I am responding to an article in the January 25, 2020, issue of The ASCO Post on the conclusion of the 19-year follow-up on the Women’s Health Initiative (WHI) presented by Rowan T. Chlebowski, MD, PhD, at the 2019 San Antonio Breast Cancer Symposium: Postmenopausal estrogen administration does not increase the risk of breast cancer after all, he said, and, in fact, it may decrease the risk; the real culprit is estrogen combined with progesterone.
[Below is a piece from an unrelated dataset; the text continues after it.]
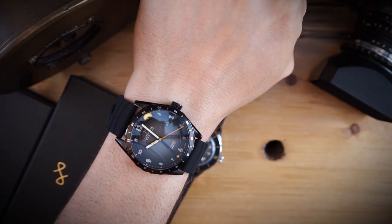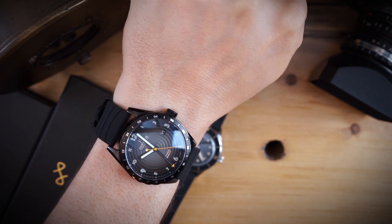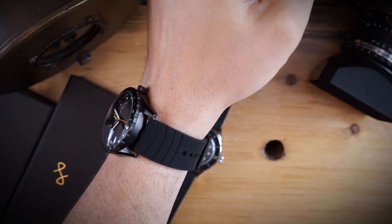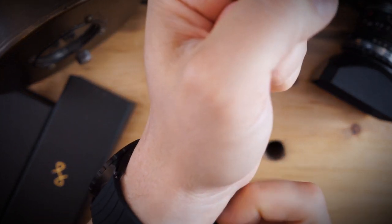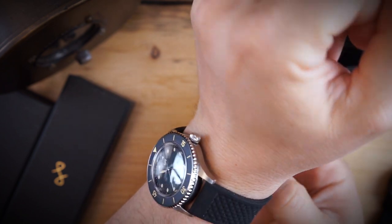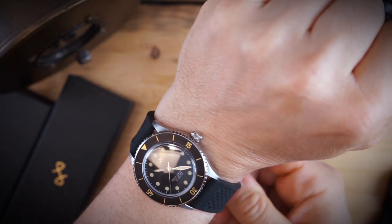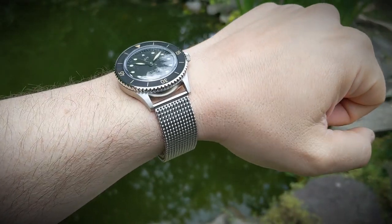I am currently wearing the City Limits by Dufresne — just a really cool watch with a black-to-gray fumé dial, PVD coated, just a beautiful watch in general. And here is the About Vintage on my wrist.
Given that the WHI was largely responsible for frightening millions of women and their physicians into believing that “estrogen causes breast cancer”—a conclusion that it has been modifying and retracting over the past decade—it behooves us to try to understand what is really going on.
The current WHI update report that postmenopausal estrogen does not increase the risk of breast cancer is reinforced by other long-established findings in the medical literature, such as the 70% decrease in breast cancer risk associated with a full-term pregnancy before the age of 18; the lack of benefit resulting from an abortion at the time of breast cancer diagnosis; and the safety of pregnancy after treatment of breast cancer, even among estrogen receptor–positive women.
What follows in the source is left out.